▶ _Work instructions_: Copy out the lines beginning with the one that contains "Gorgeous Tulle Beaded" and ending with the last line below, exactly as they stand. Pictures are not copied.

[Web page caption snippets]
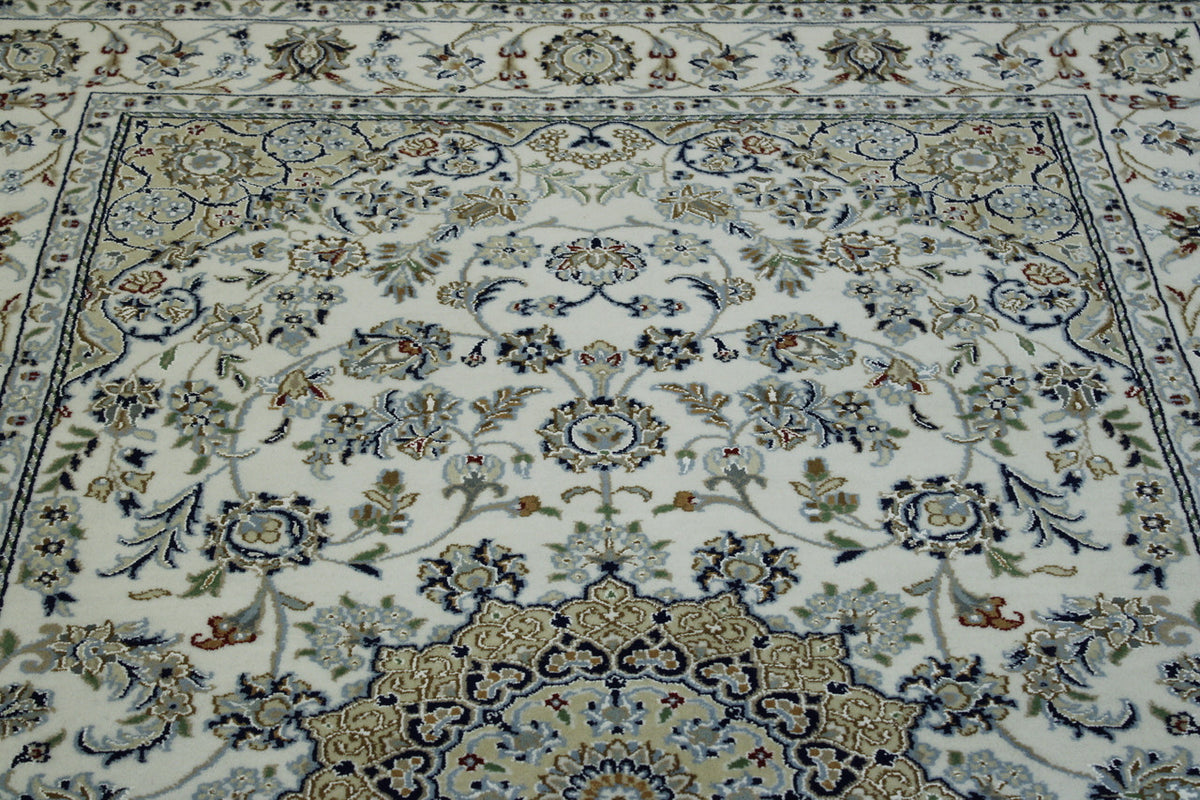 Beige Traditional Fine Nain rug in room setting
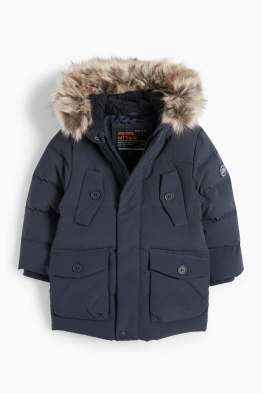 Down jacket with hood and faux fur trim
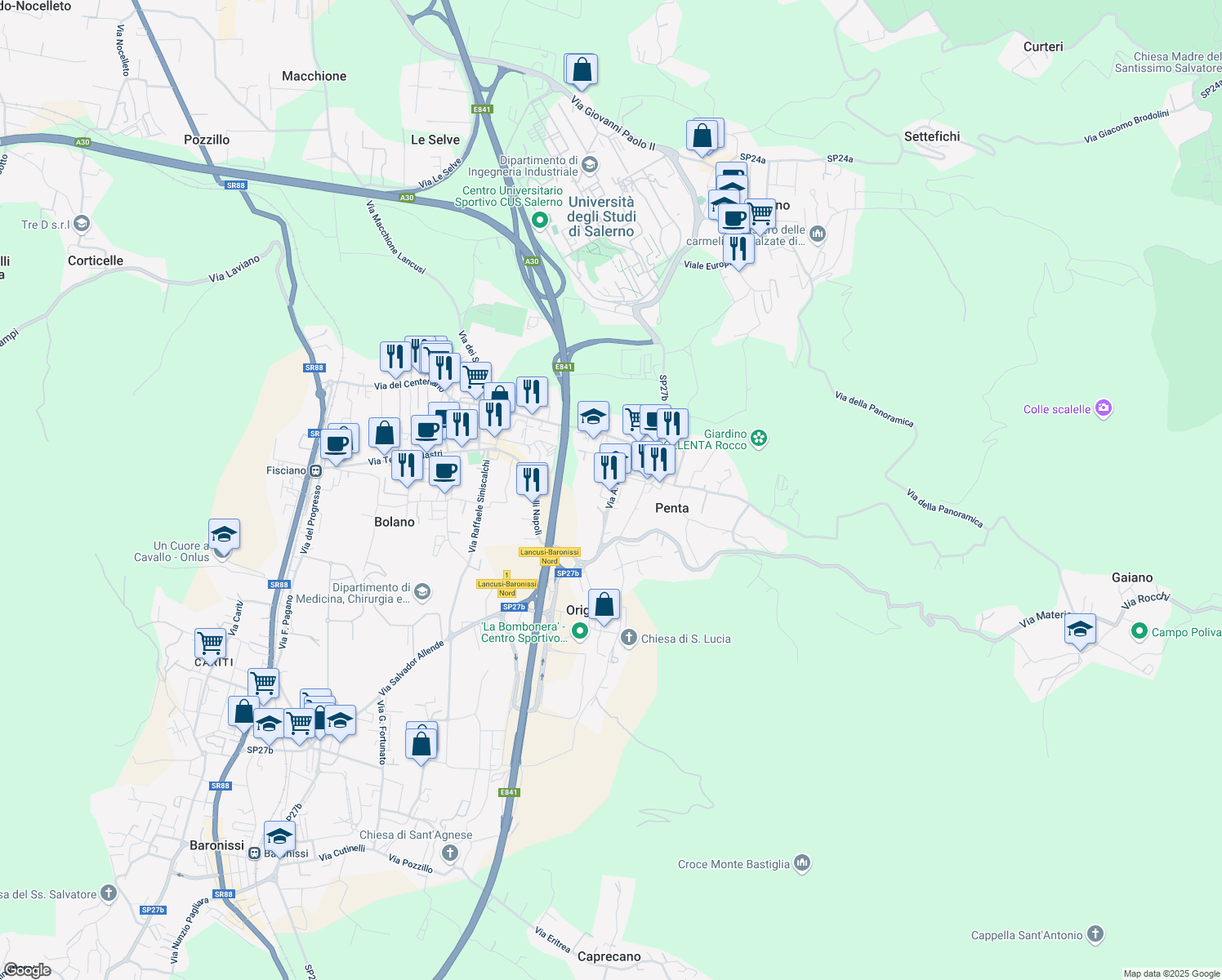 map of restaurants, bars, coffee shops, grocery stores, and more near 20 Via A. Fortunato in Penta
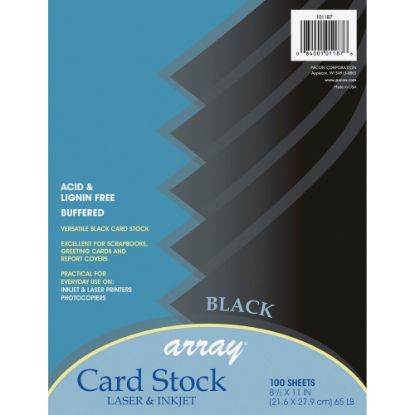 Picture of Pacon Multi-Use Card Stock, Black, Letter (8.5in x 11in), 65 Lb, Pack Of 100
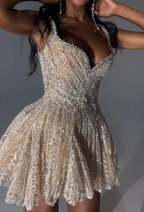 Gorgeous Tulle Beaded A Line Cocktail Dress Champagne Short Homecoming Dress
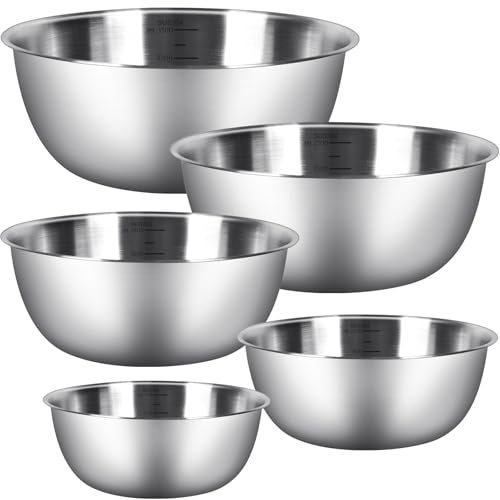 Chuner Set di ciotole per miscelazione [5 pezzi] in acciaio inox, in 5 misure (0,7 l/1,2 l/1,8 l/2,5 l/3,5 l), lavabili in lavastoviglie, insalatiere, ciotole e ciotole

▶ _Solved problem_:
 Gorgeous Tulle Beaded A Line Cocktail Dress Champagne Short Homecoming Dress
 Chuner Set di ciotole per miscelazione [5 pezzi] in acciaio inox, in 5 misure (0,7 l/1,2 l/1,8 l/2,5 l/3,5 l), lavabili in lavastoviglie, insalatiere, ciotole e ciotole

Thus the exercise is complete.